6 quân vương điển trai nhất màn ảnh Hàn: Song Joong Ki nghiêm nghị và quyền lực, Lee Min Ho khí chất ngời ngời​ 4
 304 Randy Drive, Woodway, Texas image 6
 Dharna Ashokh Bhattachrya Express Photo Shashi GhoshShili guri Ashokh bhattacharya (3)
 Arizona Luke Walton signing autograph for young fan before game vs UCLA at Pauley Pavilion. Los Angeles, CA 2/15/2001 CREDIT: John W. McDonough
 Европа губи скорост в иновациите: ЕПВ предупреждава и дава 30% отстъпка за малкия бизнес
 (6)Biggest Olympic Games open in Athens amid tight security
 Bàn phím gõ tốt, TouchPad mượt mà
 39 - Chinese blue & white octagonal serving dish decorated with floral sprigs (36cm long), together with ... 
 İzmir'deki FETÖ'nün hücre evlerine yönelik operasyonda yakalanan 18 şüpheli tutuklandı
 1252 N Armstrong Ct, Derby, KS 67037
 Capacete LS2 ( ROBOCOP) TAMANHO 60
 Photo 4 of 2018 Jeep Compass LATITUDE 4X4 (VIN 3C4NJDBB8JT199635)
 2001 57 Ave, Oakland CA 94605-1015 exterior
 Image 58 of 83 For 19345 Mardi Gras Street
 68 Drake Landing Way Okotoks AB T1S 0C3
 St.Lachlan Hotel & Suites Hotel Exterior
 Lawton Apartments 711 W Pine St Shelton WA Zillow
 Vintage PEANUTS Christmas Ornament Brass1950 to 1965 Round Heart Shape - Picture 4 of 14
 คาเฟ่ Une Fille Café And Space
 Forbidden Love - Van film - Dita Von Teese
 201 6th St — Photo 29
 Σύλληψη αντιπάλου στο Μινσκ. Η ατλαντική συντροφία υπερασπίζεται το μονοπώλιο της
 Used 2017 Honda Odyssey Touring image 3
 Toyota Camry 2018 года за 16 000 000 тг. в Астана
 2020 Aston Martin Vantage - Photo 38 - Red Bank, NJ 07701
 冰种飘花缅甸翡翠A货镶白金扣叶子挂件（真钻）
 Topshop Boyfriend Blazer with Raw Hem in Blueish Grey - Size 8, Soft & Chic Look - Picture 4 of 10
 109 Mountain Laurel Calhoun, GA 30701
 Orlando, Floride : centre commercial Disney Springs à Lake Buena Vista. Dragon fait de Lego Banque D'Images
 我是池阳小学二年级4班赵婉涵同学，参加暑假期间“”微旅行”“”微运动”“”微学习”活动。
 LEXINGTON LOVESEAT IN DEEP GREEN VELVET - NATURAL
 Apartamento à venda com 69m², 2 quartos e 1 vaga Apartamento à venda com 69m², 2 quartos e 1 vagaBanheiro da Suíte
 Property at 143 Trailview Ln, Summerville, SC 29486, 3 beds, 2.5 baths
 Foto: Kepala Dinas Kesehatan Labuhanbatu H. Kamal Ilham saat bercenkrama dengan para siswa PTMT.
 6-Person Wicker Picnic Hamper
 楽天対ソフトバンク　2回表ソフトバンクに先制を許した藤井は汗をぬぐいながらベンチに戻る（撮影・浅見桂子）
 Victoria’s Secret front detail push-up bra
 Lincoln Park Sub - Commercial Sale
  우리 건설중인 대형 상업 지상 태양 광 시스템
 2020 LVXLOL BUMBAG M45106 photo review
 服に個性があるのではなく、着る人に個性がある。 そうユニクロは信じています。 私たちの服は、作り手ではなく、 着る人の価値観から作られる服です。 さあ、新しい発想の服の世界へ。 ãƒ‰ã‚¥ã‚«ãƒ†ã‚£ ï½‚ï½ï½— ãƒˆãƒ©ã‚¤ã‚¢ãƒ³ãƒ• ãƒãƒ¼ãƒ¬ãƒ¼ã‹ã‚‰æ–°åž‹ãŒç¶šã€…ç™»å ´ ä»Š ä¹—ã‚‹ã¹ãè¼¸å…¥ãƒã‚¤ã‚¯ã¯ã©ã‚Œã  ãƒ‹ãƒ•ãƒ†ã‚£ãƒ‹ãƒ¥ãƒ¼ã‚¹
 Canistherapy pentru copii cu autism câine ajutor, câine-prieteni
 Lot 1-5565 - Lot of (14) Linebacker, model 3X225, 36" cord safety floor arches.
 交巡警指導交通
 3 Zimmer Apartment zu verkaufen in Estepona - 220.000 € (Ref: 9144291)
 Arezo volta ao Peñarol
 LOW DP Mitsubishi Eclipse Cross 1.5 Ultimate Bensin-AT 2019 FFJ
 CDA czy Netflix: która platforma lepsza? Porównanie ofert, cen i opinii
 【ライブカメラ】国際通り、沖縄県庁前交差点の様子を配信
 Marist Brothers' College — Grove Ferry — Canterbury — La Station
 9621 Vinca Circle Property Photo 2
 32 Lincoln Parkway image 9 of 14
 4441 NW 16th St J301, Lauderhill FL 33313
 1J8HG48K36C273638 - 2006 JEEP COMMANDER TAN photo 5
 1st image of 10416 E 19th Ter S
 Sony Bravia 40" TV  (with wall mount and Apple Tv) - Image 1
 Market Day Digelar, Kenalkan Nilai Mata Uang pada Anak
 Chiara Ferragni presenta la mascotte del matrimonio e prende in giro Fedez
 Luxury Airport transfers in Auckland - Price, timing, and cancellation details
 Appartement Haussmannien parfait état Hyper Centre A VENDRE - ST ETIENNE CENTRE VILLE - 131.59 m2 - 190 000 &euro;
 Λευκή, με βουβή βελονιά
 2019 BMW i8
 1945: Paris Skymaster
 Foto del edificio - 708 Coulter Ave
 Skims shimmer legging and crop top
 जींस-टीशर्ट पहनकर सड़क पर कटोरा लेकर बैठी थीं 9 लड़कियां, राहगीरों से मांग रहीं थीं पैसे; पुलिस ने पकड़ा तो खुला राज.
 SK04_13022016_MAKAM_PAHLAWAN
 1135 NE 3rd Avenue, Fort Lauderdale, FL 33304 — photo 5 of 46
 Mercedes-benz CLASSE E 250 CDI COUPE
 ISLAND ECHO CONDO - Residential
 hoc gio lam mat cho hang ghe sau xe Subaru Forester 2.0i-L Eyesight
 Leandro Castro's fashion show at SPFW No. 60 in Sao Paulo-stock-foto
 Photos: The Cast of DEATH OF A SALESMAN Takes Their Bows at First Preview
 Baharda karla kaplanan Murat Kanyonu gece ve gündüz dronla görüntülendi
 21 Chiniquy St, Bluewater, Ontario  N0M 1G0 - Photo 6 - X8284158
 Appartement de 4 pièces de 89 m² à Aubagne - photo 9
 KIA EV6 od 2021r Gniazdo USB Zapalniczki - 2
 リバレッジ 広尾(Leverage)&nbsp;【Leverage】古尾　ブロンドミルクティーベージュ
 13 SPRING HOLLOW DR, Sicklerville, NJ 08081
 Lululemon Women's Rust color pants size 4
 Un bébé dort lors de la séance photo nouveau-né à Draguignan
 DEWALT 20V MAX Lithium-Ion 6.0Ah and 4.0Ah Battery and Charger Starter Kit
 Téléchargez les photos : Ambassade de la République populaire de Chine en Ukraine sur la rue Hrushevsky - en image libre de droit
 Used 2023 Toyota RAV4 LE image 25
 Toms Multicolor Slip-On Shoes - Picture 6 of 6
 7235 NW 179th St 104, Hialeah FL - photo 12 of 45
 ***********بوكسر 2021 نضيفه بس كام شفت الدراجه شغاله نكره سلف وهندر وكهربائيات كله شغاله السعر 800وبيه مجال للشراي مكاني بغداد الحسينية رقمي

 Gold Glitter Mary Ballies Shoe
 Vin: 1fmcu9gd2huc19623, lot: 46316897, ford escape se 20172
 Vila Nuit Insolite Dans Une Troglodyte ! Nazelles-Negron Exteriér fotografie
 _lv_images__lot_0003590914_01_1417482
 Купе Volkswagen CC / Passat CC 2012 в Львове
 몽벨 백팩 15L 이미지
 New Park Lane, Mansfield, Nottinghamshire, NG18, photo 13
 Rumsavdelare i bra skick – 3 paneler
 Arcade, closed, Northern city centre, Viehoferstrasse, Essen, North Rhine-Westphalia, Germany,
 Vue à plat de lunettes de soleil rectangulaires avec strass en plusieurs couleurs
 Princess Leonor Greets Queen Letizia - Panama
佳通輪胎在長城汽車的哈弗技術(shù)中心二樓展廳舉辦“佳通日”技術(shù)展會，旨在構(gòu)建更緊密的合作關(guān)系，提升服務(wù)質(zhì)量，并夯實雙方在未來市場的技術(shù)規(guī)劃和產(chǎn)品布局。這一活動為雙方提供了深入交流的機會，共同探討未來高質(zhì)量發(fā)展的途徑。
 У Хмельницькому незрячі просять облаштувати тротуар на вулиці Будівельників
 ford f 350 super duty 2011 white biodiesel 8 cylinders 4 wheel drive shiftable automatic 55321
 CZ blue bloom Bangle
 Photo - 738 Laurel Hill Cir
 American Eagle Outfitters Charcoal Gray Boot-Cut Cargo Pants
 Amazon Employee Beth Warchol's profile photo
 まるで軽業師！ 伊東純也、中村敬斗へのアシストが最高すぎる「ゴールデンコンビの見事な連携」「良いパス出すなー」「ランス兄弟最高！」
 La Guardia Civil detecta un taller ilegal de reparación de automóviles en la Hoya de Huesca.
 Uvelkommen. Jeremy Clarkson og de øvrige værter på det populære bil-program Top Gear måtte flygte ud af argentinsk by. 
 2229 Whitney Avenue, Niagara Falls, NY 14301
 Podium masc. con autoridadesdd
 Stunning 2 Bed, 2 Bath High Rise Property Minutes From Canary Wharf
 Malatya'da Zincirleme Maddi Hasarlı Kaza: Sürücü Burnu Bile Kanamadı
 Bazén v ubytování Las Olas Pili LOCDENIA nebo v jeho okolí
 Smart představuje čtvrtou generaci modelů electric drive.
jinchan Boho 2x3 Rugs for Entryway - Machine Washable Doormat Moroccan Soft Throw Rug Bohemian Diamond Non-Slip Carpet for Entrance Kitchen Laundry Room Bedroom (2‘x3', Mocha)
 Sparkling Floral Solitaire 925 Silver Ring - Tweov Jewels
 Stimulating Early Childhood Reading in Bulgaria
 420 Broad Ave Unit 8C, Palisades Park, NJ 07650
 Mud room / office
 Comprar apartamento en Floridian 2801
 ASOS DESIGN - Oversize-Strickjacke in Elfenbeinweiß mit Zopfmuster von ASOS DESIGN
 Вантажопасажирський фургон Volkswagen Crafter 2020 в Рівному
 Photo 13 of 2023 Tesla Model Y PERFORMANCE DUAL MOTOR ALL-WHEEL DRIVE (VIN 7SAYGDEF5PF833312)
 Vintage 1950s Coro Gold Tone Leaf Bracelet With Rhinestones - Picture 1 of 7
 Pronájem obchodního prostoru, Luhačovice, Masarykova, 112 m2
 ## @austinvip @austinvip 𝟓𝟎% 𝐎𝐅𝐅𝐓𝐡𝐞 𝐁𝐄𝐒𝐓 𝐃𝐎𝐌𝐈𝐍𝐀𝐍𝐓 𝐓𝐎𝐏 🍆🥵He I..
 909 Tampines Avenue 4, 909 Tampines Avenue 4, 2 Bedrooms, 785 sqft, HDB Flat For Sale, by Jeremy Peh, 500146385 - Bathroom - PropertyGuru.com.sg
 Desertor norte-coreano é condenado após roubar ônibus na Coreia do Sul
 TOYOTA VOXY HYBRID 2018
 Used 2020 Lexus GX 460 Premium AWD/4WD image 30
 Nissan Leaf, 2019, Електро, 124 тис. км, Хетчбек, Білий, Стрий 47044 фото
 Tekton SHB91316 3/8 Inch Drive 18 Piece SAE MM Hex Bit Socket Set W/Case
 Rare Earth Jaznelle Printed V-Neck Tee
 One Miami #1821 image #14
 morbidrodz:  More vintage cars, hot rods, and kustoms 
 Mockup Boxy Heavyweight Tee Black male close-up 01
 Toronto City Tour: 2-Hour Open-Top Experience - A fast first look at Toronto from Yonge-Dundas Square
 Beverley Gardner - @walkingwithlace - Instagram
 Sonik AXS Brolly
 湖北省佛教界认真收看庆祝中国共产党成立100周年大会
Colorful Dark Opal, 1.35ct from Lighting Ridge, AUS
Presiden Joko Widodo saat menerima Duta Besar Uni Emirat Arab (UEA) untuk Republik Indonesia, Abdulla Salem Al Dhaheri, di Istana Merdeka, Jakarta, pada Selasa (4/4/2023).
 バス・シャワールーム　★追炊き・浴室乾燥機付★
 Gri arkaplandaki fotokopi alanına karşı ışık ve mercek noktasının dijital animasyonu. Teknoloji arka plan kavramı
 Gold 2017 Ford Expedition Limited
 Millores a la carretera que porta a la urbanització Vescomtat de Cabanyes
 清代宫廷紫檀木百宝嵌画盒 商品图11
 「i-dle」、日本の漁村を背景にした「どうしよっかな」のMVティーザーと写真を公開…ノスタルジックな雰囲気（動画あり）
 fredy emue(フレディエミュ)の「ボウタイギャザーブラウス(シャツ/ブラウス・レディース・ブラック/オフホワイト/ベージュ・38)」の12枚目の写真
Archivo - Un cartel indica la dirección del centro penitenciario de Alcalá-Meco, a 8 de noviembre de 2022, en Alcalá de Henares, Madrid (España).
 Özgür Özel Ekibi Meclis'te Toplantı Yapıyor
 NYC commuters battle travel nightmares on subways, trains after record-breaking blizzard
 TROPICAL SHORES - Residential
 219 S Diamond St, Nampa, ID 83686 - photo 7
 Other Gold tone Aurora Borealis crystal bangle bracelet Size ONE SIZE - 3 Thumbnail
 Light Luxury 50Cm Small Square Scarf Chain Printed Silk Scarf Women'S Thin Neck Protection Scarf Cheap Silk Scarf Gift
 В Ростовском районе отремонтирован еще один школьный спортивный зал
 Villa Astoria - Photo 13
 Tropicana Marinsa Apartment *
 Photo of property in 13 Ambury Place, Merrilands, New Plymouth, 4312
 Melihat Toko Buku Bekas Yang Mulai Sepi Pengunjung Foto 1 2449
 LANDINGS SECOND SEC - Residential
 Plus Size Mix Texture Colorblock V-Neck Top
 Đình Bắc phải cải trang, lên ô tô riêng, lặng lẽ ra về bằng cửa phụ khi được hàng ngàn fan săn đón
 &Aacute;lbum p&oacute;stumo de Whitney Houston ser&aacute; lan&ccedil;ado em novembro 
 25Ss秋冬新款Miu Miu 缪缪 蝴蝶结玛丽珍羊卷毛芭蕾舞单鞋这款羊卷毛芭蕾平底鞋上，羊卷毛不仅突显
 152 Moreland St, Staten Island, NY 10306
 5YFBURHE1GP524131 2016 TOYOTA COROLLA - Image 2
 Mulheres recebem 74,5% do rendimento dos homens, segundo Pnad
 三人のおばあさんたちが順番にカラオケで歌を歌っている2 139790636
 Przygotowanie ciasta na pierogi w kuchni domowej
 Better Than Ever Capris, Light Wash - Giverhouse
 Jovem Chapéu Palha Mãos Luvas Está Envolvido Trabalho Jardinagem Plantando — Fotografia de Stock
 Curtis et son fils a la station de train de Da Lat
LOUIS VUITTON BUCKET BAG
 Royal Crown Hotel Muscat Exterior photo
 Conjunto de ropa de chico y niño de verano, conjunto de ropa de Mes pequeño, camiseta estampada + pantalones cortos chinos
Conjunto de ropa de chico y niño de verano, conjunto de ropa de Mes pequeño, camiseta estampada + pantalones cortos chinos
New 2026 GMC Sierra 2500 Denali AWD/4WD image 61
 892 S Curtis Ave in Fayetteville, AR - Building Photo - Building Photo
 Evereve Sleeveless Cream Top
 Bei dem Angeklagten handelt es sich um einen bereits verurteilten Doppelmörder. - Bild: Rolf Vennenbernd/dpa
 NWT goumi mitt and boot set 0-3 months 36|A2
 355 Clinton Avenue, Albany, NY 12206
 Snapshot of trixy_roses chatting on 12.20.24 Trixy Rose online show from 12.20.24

Task details
Exactly the lines above from the one with "Podium masc. con autoridadesdd" to the one with "湖北省佛教界认真收看庆祝中国共产党成立100周年大会", both included, are to be quoted; leave the rest out.

Response to this task
 Podium masc. con autoridadesdd
 Stunning 2 Bed, 2 Bath High Rise Property Minutes From Canary Wharf
 Malatya'da Zincirleme Maddi Hasarlı Kaza: Sürücü Burnu Bile Kanamadı
 Bazén v ubytování Las Olas Pili LOCDENIA nebo v jeho okolí
 Smart představuje čtvrtou generaci modelů electric drive.
jinchan Boho 2x3 Rugs for Entryway - Machine Washable Doormat Moroccan Soft Throw Rug Bohemian Diamond Non-Slip Carpet for Entrance Kitchen Laundry Room Bedroom (2‘x3', Mocha)
 Sparkling Floral Solitaire 925 Silver Ring - Tweov Jewels
 Stimulating Early Childhood Reading in Bulgaria
 420 Broad Ave Unit 8C, Palisades Park, NJ 07650
 Mud room / office
 Comprar apartamento en Floridian 2801
 ASOS DESIGN - Oversize-Strickjacke in Elfenbeinweiß mit Zopfmuster von ASOS DESIGN
 Вантажопасажирський фургон Volkswagen Crafter 2020 в Рівному
 Photo 13 of 2023 Tesla Model Y PERFORMANCE DUAL MOTOR ALL-WHEEL DRIVE (VIN 7SAYGDEF5PF833312)
 Vintage 1950s Coro Gold Tone Leaf Bracelet With Rhinestones - Picture 1 of 7
 Pronájem obchodního prostoru, Luhačovice, Masarykova, 112 m2
 ## @austinvip @austinvip 𝟓𝟎% 𝐎𝐅𝐅𝐓𝐡𝐞 𝐁𝐄𝐒𝐓 𝐃𝐎𝐌𝐈𝐍𝐀𝐍𝐓 𝐓𝐎𝐏 🍆🥵He I..
 909 Tampines Avenue 4, 909 Tampines Avenue 4, 2 Bedrooms, 785 sqft, HDB Flat For Sale, by Jeremy Peh, 500146385 - Bathroom - PropertyGuru.com.sg
 Desertor norte-coreano é condenado após roubar ônibus na Coreia do Sul
 TOYOTA VOXY HYBRID 2018
 Used 2020 Lexus GX 460 Premium AWD/4WD image 30
 Nissan Leaf, 2019, Електро, 124 тис. км, Хетчбек, Білий, Стрий 47044 фото
 Tekton SHB91316 3/8 Inch Drive 18 Piece SAE MM Hex Bit Socket Set W/Case
 Rare Earth Jaznelle Printed V-Neck Tee
 One Miami #1821 image #14
 morbidrodz:  More vintage cars, hot rods, and kustoms 
 Mockup Boxy Heavyweight Tee Black male close-up 01
 Toronto City Tour: 2-Hour Open-Top Experience - A fast first look at Toronto from Yonge-Dundas Square
 Beverley Gardner - @walkingwithlace - Instagram
 Sonik AXS Brolly
 湖北省佛教界认真收看庆祝中国共产党成立100周年大会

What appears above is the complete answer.